• [TASK OBJECTIVE]
Where "Sneakers" occurs in a line of the entries below, copy that line.

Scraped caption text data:
= = = = = = =
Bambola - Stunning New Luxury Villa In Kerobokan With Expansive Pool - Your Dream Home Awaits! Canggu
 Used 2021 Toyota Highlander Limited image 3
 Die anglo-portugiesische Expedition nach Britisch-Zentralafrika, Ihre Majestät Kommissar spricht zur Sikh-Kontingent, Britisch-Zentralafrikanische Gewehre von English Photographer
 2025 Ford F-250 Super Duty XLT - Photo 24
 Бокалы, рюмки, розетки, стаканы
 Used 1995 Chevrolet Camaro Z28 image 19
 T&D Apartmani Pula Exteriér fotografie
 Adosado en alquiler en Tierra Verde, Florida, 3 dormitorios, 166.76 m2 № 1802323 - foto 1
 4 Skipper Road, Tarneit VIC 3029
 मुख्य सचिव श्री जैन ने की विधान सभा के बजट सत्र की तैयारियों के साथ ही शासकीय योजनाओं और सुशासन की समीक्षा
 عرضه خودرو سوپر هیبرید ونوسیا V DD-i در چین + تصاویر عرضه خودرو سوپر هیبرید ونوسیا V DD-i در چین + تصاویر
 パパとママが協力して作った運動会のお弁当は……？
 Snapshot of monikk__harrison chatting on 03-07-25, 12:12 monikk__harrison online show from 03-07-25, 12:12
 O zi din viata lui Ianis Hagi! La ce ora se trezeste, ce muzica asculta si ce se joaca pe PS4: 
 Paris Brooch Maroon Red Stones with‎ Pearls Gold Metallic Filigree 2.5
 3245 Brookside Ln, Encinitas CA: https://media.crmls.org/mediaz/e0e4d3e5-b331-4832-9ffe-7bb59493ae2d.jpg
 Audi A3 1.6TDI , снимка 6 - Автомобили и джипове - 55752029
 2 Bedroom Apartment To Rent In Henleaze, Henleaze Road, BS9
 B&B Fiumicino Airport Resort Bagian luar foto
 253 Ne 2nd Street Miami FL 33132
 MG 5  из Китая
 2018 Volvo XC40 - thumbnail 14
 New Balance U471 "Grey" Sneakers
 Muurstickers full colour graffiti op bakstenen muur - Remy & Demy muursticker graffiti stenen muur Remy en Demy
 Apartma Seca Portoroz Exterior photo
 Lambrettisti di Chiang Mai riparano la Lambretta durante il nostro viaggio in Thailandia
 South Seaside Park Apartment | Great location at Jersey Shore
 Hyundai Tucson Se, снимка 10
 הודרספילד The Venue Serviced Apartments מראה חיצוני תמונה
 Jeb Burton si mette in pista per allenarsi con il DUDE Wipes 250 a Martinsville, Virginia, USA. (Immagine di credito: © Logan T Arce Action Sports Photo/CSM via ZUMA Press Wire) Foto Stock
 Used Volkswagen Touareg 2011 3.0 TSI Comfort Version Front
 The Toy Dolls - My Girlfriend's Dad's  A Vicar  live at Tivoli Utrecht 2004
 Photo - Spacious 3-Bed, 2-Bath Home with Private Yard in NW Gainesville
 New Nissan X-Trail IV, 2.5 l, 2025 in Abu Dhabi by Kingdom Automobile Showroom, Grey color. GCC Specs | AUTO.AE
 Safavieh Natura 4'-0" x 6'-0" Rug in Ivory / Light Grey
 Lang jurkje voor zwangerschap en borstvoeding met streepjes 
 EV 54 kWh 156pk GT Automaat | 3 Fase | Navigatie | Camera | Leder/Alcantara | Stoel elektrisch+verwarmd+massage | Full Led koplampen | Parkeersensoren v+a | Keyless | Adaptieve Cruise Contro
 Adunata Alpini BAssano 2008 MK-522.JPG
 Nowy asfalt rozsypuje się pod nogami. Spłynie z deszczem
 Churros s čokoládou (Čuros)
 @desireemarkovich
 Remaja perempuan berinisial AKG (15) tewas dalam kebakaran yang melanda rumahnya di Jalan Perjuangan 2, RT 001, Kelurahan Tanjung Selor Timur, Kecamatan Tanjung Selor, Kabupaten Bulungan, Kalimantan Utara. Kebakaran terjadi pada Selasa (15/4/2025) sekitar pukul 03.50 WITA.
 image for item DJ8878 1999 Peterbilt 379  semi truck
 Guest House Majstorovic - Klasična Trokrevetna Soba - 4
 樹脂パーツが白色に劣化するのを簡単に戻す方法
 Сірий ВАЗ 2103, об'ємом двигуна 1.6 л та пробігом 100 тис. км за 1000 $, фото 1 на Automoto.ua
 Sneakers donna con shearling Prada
= = = = = = =
• [ANSWER AREA]
 New Balance U471 "Grey" Sneakers
 Sneakers donna con shearling Prada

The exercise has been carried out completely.